Directions for this task: Before printing, remove every picture; then print the lines below exactly, from the first line through the line containing "Pfrewn Fall Autumn".

(Beginning of Exercise inputs)

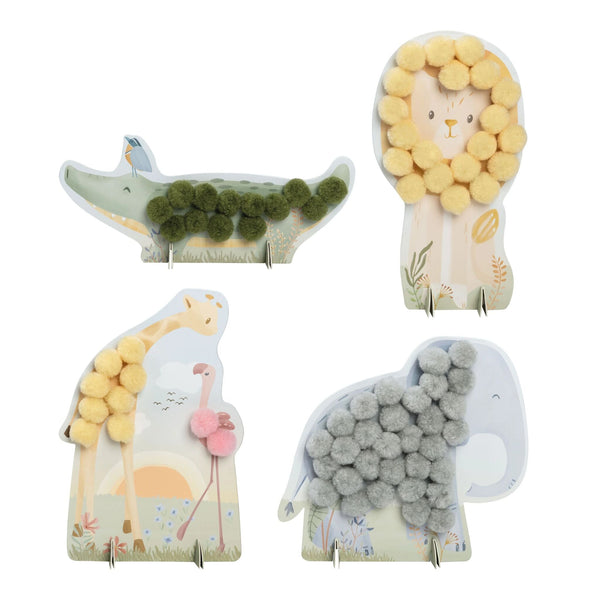 Little Dutch - Craft Set Pompoms - Safari Friends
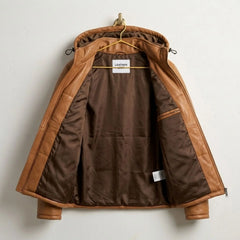 Interior view of Tan Leather Puffer Jacket with premium lining and Leather Unit tag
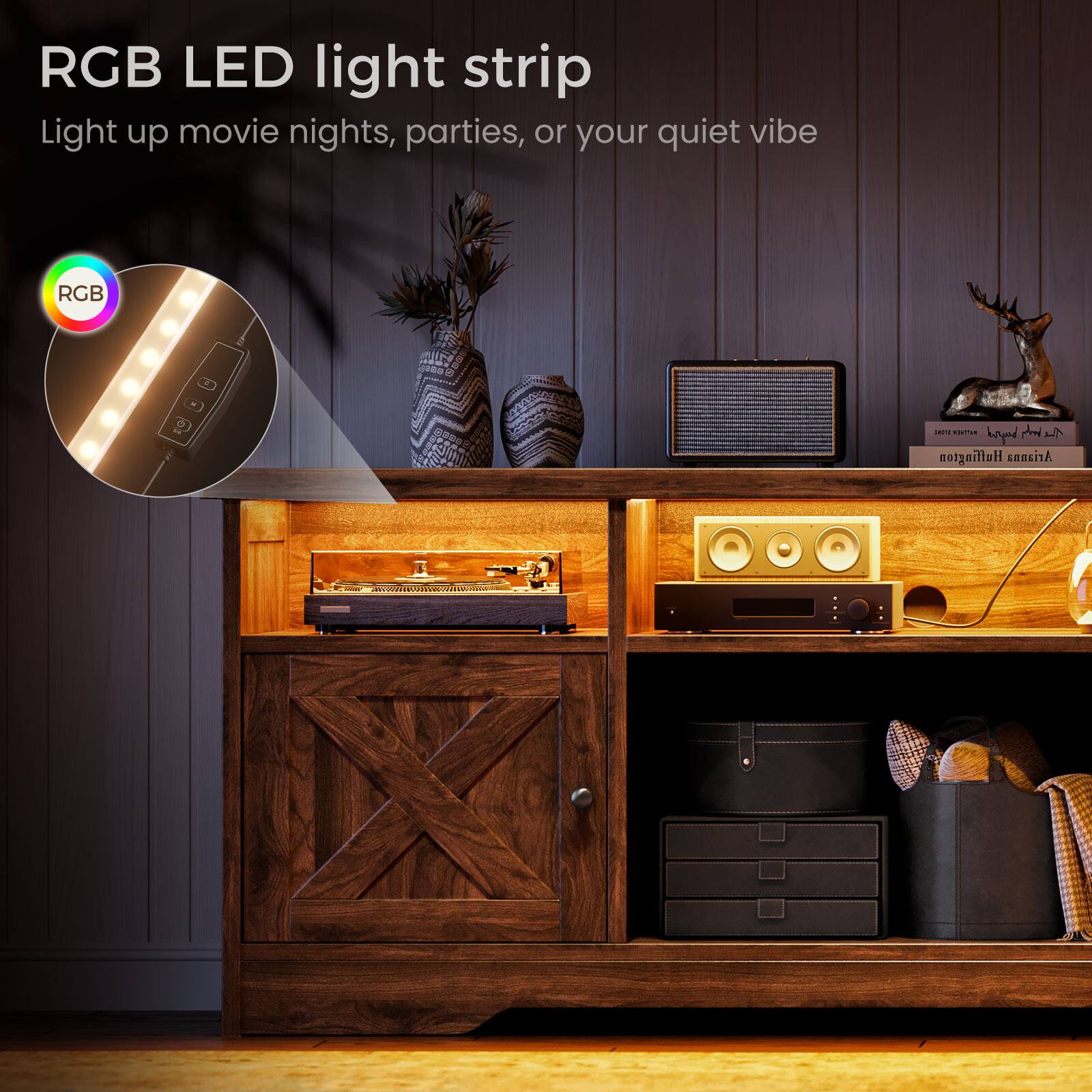 RGB LED light strip  
Light up movie nights, parties, or your quiet vibe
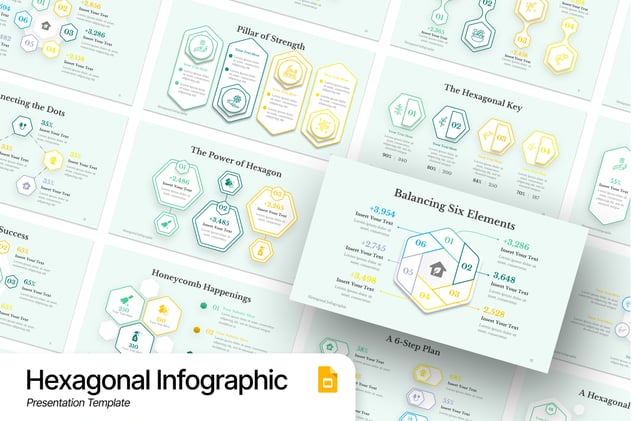 线稿六角关系图形PPT模板 - 顶尖PPT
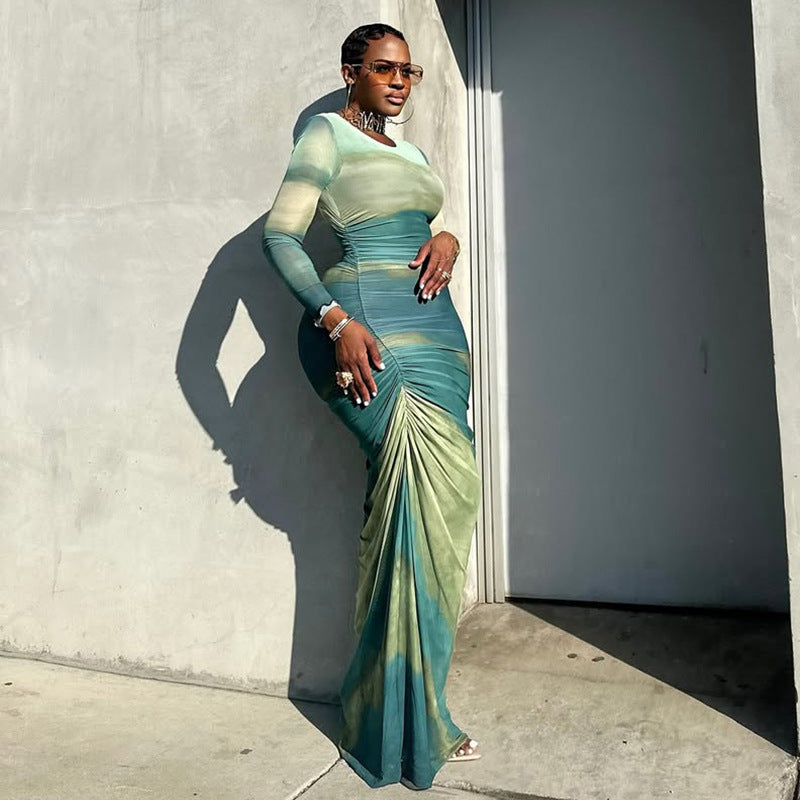 Tie Dye Print Round Neck Long Sleeve Side Ruched Bodycon Maxi Dress 2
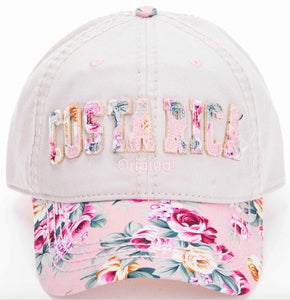 Gorra Mujer Blanca Flores Rosada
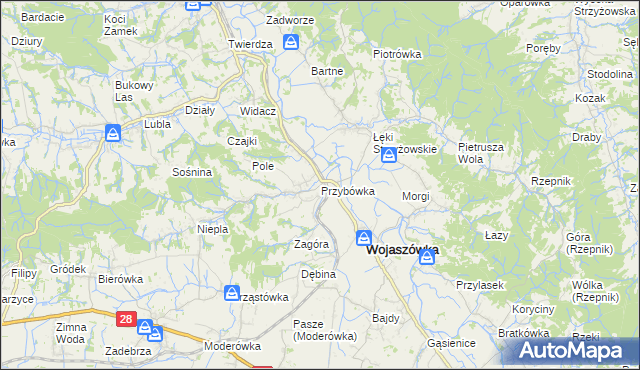 mapa Przybówka, Przybówka na mapie Targeo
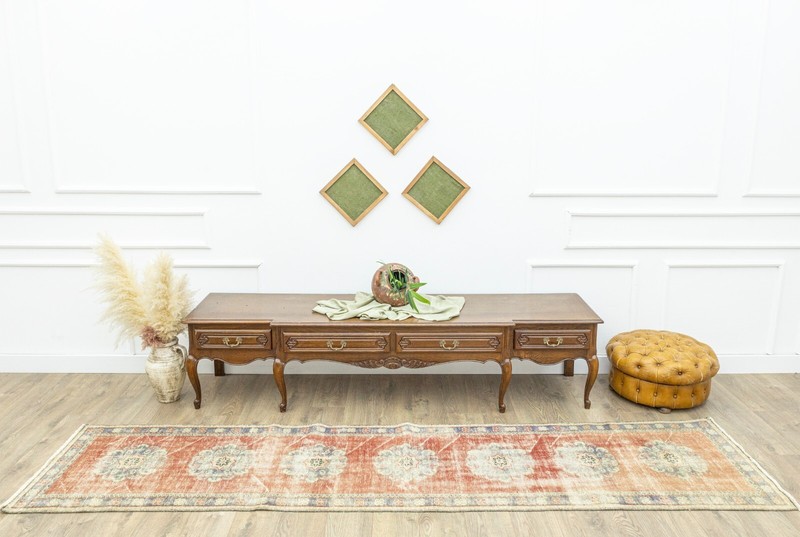 Rustic Turkish Oushak Runner – 2.7x11.7 ft – Distressed Pastel Red & Blue Rug gallery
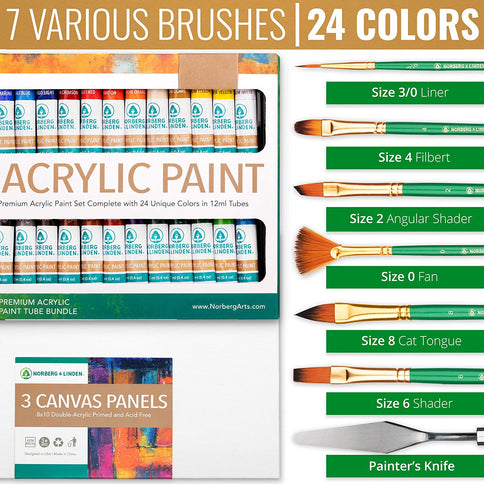 LG34 Acrylic Paint Set - Pack of 24 12ml Color Tubes, 3 Canvas Panels, 6 Brushes & Wooden Painting Knife - Art Coloring Kit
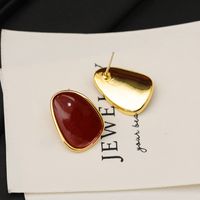 1 Pair Elegant Sweet Streetwear Color Block Plating Copper 18K Gold Plated Ear Studs main image 5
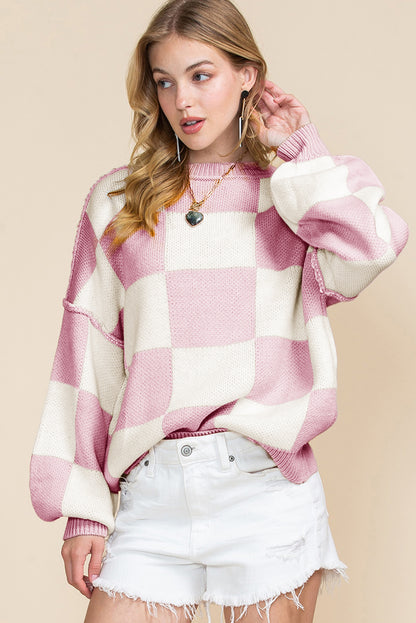 Pink Checked Bishop Sleeve Pullover Sweater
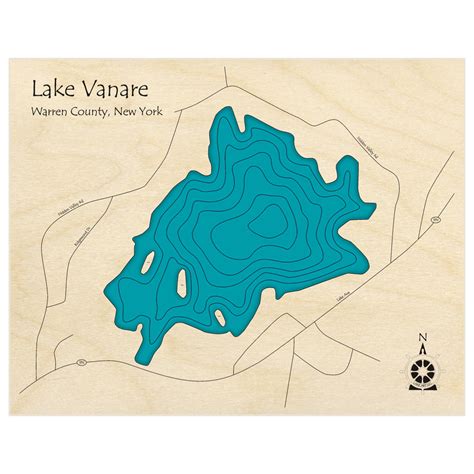 Lake Vanare 3d Custom Wood Map Lake Art Llc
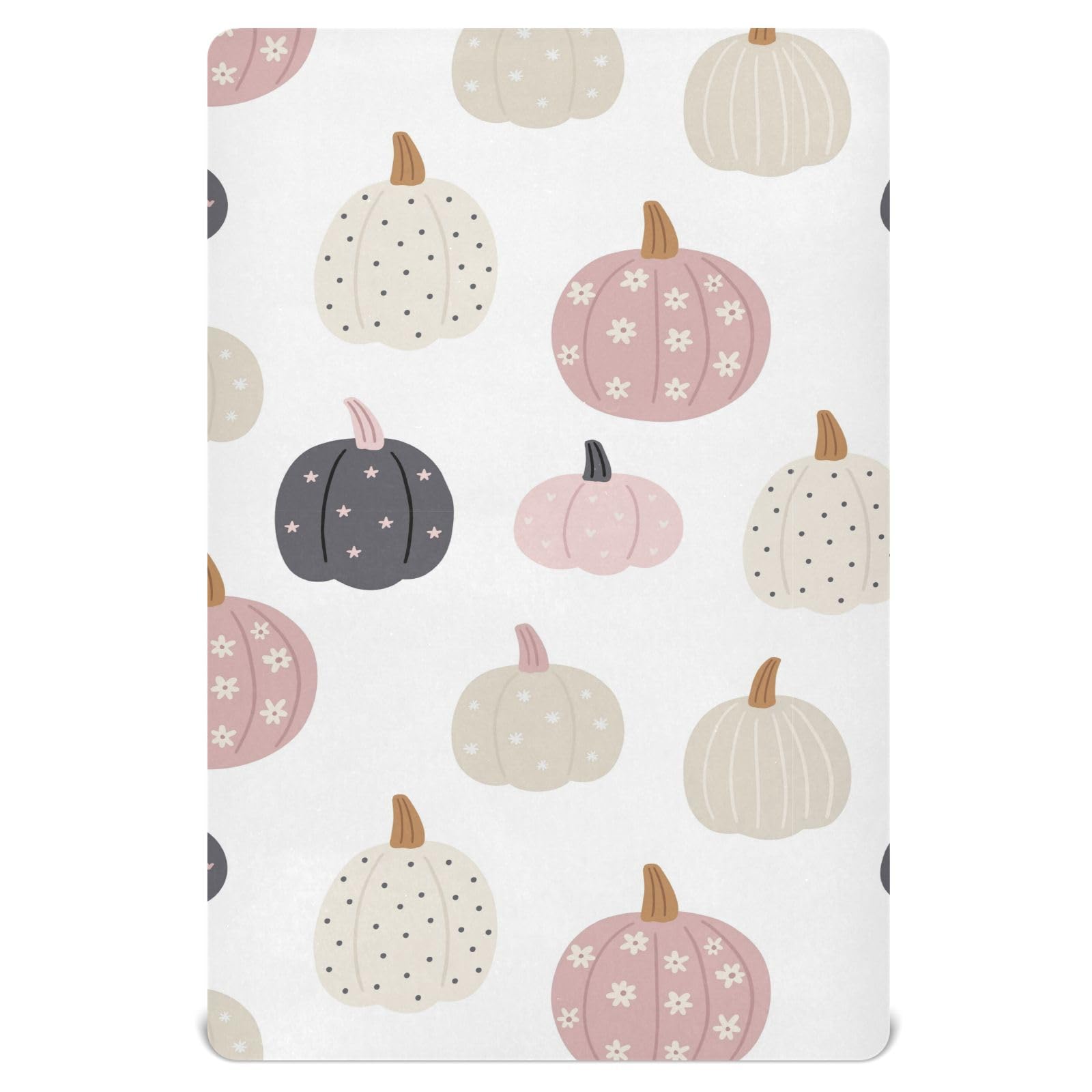 Pfrewn Fall Autumn Crib Sheets for Boys Girls Boho Autumn Macrame Pumpkin Pink Fitted Crib Sheet for Mini Stretch Soft Toddler Baby Playard Mattress Sheet Thanksgiving Decor, 39x27x5IN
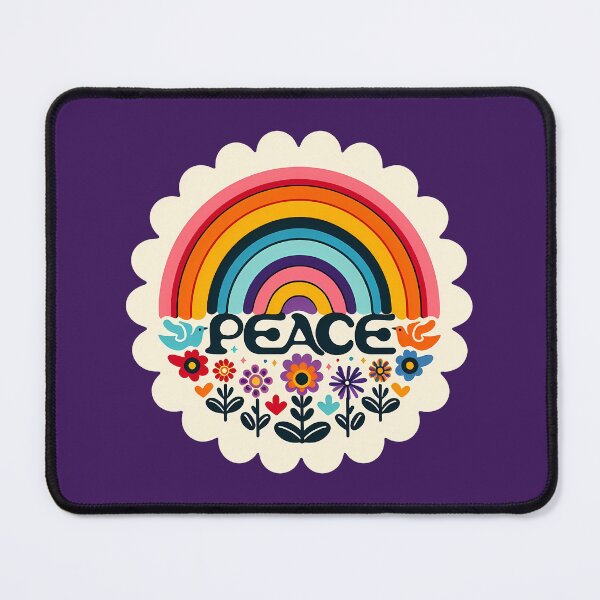 Item preview, Peace Rainbow Blossoms Joyful Harmony – Scandinavian Folk Art by heidiannemorris © designed and sold by FOLK ART FUSION by heidiannemorris.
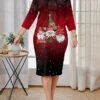 Women's Plus Size Curve Christmas Dress Casual Dress Dress Set Santa Claus Gradient Midi Dress Long Sleeve Print Crew Neck Fashion Outdoor Wine Fall Winter L XL XXL 3XL 4XL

(End of Exercise inputs)

Finished exercise:
 Little Dutch - Craft Set Pompoms - Safari Friends
 Interior view of Tan Leather Puffer Jacket with premium lining and Leather Unit tag
 RGB LED light strip  
Light up movie nights, parties, or your quiet vibe
 线稿六角关系图形PPT模板 - 顶尖PPT
 Tie Dye Print Round Neck Long Sleeve Side Ruched Bodycon Maxi Dress 2
 Gorra Mujer Blanca Flores Rosada
 mapa Przybówka, Przybówka na mapie Targeo
 Rustic Turkish Oushak Runner – 2.7x11.7 ft – Distressed Pastel Red & Blue Rug gallery
 LG34 Acrylic Paint Set - Pack of 24 12ml Color Tubes, 3 Canvas Panels, 6 Brushes & Wooden Painting Knife - Art Coloring Kit
 1 Pair Elegant Sweet Streetwear Color Block Plating Copper 18K Gold Plated Ear Studs main image 5
 Pink Checked Bishop Sleeve Pullover Sweater
 Lake Vanare 3d Custom Wood Map Lake Art Llc
 Pfrewn Fall Autumn Crib Sheets for Boys Girls Boho Autumn Macrame Pumpkin Pink Fitted Crib Sheet for Mini Stretch Soft Toddler Baby Playard Mattress Sheet Thanksgiving Decor, 39x27x5IN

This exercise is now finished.